‘¿Ju am ai?’

Una reflexión personal sobre la identidad en un mundo que simultáneamente vive de las etiquetas mientras lucha por borrarlas

Juan Carlo Rodríguez
EÑES
6 min readSep 25, 2017

--

Una cosa que lamentaré del futuro en que nuestras bibliotecas estén en un Kindle o tableta (no es un terrible futuro, pero tampoco es el más alegre) es que deberé cambiar la costumbre que tengo al entrar a una casa por primera vez: enseguida llegar a la biblioteca a curiosear los gustos de mis anfitriones. Tengo la firme creencia que la cultura que consumimos nos puede decir muchísimo más sobre nosotros mismos que una hora de conversación, de modo que no pierdo esa oportunidad de saber un poco más sobre la gente con quien voy a interactuar.

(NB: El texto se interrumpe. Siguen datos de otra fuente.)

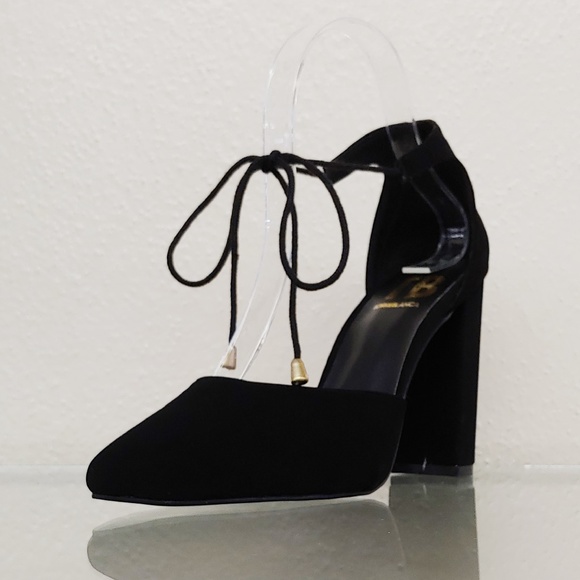 Shoes - Women's Black Heels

A pesar de mis lamentos del Kindle, tampoco es que en esta era tecnológica esos momentos de asomo a mundos privados sean imposibles. En el boom del iPod, recuerdo que era costumbre rotar por las listas de reproducción de los amigos para ver qué música tenían en ese momento, algo tan profundamente personal como las huellas de los dedos. Walter Isaacson incluso logró ver dentro del iPod de Steve Jobs en 2004 mientras escribía su biografía. Tenía los seis volúmenes de The Bootleg Series junto con quince discos más de Bob Dylan; siete discos de los Beatles; seis de los Rolling Stones; canciones individuales de Joni Mitchell, Joan Baez, Jefferson Airplane, The Monkees; algunos contemporáneos como Alicia Keys, 10.000 Maniacs, U2, John Mayer y Moby; los Conciertos de Brandenburgo de Bach y tres discos de Yo-Yo Ma. Este iPod aparece a más de tres cuartas partes del libro y me parece revelar tanto sobre Jobs como amplias secciones anteriores.

No recuerdo si alguien alguna vez pidió ver mi iPod para un asomo a mi propia personalidad, pero recuerdo comentar que no había mucha música que me identificaría. Sí, Metallica nunca falta en mi vida, pero también, dependiendo del día (era un Nano, tampoco cabía mucho), Eminem, Los amigos invisibles, Radiohead, o canciones individuales de gente como The War on Drugs (nuevos favoritos), Shearwater y Wolf Alice, bandas sonoras de películas como La red social o Pacific Rim. Pero lo que predominaba en ese iPod, y predomina en el celular, son podcast.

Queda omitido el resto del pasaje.